WHAT TO WORK ON
Read through the listing below, and copy every line where the string "sign" appears.

INPUT RECORDS
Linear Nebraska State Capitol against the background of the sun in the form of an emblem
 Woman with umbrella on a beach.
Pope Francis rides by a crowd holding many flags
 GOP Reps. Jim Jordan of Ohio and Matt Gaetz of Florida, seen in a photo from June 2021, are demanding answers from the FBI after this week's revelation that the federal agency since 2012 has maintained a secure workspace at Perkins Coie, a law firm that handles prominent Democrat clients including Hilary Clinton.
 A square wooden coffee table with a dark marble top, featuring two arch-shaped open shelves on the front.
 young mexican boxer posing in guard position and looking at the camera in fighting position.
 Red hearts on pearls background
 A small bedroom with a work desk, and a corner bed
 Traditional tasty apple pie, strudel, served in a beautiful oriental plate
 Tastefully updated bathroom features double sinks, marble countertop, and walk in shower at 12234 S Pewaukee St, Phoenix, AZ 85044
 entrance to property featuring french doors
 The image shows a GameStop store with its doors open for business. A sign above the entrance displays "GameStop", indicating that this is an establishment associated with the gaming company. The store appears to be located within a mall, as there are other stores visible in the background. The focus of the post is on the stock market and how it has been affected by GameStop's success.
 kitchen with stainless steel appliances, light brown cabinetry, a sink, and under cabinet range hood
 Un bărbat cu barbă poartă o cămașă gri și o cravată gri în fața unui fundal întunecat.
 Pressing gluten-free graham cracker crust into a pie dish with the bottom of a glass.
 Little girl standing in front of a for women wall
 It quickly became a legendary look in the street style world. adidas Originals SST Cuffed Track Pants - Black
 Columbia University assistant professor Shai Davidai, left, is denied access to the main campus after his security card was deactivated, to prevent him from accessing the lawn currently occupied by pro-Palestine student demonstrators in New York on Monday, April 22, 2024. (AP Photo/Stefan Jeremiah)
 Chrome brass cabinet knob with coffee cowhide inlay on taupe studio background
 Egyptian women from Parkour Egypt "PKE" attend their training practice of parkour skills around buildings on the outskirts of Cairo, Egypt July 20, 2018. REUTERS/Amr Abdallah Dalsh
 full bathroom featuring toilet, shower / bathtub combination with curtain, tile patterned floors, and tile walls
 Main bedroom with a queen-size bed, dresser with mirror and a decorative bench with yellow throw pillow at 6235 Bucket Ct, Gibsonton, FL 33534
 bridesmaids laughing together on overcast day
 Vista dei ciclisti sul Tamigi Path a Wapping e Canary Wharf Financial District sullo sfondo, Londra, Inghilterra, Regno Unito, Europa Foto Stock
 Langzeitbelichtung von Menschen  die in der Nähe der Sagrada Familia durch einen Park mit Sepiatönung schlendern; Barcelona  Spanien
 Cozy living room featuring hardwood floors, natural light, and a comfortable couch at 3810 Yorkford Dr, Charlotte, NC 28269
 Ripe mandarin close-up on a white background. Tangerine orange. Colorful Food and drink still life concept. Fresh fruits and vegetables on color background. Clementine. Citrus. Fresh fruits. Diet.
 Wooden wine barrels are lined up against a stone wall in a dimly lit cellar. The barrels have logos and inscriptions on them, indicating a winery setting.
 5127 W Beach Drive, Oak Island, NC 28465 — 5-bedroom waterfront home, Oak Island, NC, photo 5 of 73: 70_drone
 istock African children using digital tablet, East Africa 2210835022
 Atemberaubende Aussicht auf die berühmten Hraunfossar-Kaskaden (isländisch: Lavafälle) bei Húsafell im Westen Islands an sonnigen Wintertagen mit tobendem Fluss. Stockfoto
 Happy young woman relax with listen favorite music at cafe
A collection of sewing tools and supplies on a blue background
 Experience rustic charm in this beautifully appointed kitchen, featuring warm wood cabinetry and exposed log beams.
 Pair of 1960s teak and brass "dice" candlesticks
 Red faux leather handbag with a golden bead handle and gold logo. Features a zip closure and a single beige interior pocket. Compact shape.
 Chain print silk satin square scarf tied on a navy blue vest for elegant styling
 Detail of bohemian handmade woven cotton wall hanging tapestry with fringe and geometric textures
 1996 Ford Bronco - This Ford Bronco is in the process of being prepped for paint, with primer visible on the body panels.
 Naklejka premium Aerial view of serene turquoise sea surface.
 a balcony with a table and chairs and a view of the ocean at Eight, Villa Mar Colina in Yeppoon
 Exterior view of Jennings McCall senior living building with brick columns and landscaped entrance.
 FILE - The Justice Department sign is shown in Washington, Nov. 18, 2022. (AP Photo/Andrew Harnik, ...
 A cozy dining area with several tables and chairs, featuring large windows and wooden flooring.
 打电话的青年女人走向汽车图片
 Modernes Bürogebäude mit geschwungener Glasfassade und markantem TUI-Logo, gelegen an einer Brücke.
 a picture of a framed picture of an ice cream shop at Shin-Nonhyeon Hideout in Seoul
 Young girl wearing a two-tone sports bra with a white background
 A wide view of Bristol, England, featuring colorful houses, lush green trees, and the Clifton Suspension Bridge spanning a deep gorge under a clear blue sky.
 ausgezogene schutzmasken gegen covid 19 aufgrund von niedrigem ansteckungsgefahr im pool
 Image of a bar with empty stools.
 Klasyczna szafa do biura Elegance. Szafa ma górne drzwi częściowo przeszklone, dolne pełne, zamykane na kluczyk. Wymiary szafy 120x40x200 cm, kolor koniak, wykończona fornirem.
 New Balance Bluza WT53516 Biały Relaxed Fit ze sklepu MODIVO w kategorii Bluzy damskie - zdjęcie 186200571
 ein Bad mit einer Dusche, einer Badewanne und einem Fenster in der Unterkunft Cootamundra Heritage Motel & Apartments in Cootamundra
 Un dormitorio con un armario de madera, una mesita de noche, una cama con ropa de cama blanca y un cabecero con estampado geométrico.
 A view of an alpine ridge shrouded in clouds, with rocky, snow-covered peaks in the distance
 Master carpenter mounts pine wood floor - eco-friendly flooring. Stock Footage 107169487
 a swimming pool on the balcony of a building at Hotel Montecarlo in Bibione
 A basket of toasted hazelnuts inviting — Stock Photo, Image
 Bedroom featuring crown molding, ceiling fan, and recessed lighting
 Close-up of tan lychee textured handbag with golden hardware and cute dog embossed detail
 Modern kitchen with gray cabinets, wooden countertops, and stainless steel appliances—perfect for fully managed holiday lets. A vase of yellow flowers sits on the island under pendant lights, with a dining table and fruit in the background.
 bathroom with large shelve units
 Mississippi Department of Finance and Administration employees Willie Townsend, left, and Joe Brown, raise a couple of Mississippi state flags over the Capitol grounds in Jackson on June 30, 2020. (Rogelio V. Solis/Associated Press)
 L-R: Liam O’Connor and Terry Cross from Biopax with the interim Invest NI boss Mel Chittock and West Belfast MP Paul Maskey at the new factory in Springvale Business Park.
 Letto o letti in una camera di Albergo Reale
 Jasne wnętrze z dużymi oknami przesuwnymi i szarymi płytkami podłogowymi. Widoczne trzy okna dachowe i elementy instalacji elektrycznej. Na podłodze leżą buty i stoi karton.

WRITTEN SOLUTION
 The image shows a GameStop store with its doors open for business. A sign above the entrance displays "GameStop", indicating that this is an establishment associated with the gaming company. The store appears to be located within a mall, as there are other stores visible in the background. The focus of the post is on the stock market and how it has been affected by GameStop's success.
 FILE - The Justice Department sign is shown in Washington, Nov. 18, 2022. (AP Photo/Andrew Harnik, ...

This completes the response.